El sol de las cuatro de la tarde ya se esconde por entre las nubes que van llegando, que son otras nubes nuevas. Porque a la mañana ya había estado lloviendo, y lloviznando, luego garuando, y finalmente solo el resabio de humedad en el piso de las veredas y en la brea negra de la avenida De los Corrales.

Cuando empieza a entrar el atardecer en el bulevar de los mataderos, los puesteros llevan casi todo un día vendiendo algunas cosas, aburriéndose algunas horas, tomando mate algunas otras, comentándose la vida parecida y los problemas universales de los que se la rebuscan fuera del Mercado.
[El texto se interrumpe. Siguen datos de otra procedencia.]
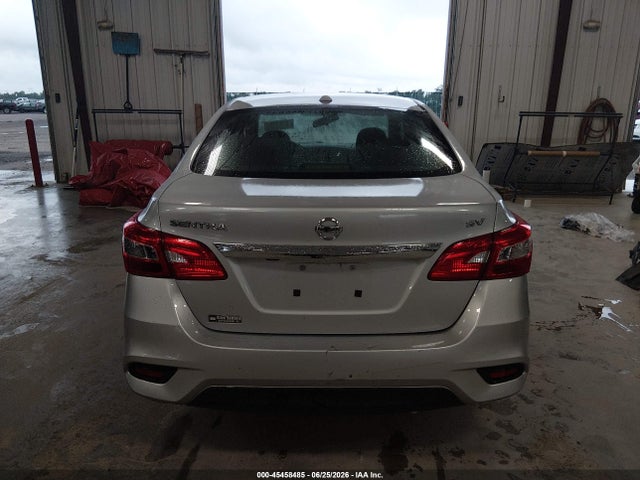 Nissan SENTRA SV 2019 3N1AB7AP0KL620729 Image 17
A eso de las cinco de la tarde, cuando más arde la muchedumbre preguntona y poco compradora, ocurre en el puesto del viejo de los cuchillos. En un principio de raro no tenía nada, ni siquiera la facha del tipo éste, que se paró a mirar la mercadería que brillaba con la resolana que iba quedando. Un muchacho común, en realidad más hombre que muchacho. Pelo castaño claro, tirando a rubión, barba candado del mismo tono, pantalones de jean bien a la moda, con esos tajos en la rodilla, remera negra con la pipa de la marca, chiquita, arriba del lado derecho del pecho amplio. Y el bolso. Tenía un bolso grande, muy grande, de esos que sirven para viajar a otro país sin necesidad de llevar ningún otro equipaje. También negro, pero de la marca del gallo, con pequeños arabescos en azul y rojo, como fileteados. El viejo de los cuchillos después diría que al irse el tipo le pareció que pesaba el bolso; según él realizaba un gran esfuerzo al caminar con ese bulto cargado al hombro.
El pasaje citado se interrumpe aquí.